With a continuous laser seeker on the missile following the designation applied, the missile could easily target moving vehicles whilst being harder to intercept or counter (by engaging the launcher).
Improvements in ballistics through the 1980s improved the Hellfire design and the weapon has a maximum effective range quoted as being up to 8 km, with longer ranges being achieved with a reduction in accuracy due mainly to attenuation of the laser beam. Data from the US Department of Defense (D.O.D.), however, provides a maximum direct fire range of 7 km, with indirect fire out to 8 km and a minimum engagement range of 500 m.
The Hellfire missile was first used in anger during the invasion of Panama in December 1989, with 7 missiles being fired, all of which hit their targets.
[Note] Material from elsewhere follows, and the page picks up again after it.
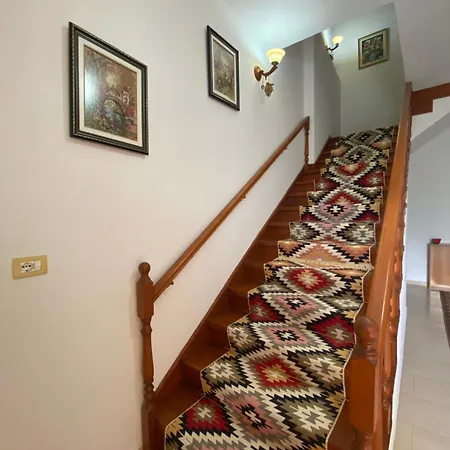 Stonetale Garden Guest house Gjirokaster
Ground Launched Hellfire – Light (GLH-L)
By 1991, the success of the Hellfire was readily apparent, as was the potential it offered to the user. With improved anti-armor capabilities, the Army sought to install Hellfire missiles onto ground vehicles for use, ostensibly by the 9th Infantry Division to complete a concept first considered for the unit back in February 1987. This was a light infantry division and had a specific need for improved anti-armor firepower. In order to achieve this need, the HMMWV was selected to be the mount for these missiles. With a maximum effective range of 7 km, the Hellfire in the ground role extended the anti-armor capacity of the division, especially when it had the ability to be guided onto target remotely by a forward-deployed laser designator known as the Combat Observing Lasing Team (COLT) using a device like the G/VLLD or MULE laser designators. Some US$2 million (US$4.7 million in 2020 values) were allocated by the US Congress within the defence budget for development of this project, with the somewhat ambitious plan to have 36 systems deployed by the 9th Infantry Division within 22 months at an additional cost of $22 million for development and $10.6 million for procurement for a total concept to deliver cost of US$34.6 million (US$82.7 million in 2020 values).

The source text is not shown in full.